-- DATA EXCERPT --

--- START ---

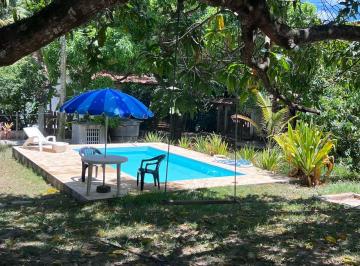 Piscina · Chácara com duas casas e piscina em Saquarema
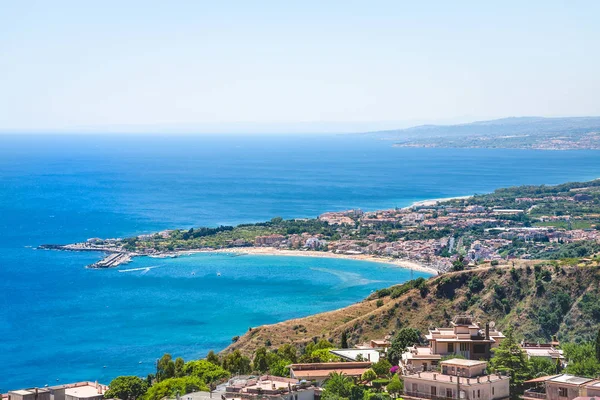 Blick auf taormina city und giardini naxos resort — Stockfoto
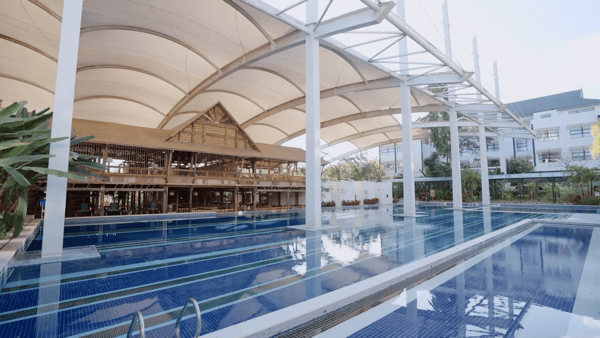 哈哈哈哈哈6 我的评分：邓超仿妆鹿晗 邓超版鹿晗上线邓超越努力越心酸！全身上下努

--- END ---

-- TASK DETAILS --
Reproduce the data exactly as it appears above. Pictures are to be left out.

-- ANSWER SECTION --
 Piscina · Chácara com duas casas e piscina em Saquarema
 Blick auf taormina city und giardini naxos resort — Stockfoto
 哈哈哈哈哈6 我的评分：邓超仿妆鹿晗 邓超版鹿晗上线邓超越努力越心酸！全身上下努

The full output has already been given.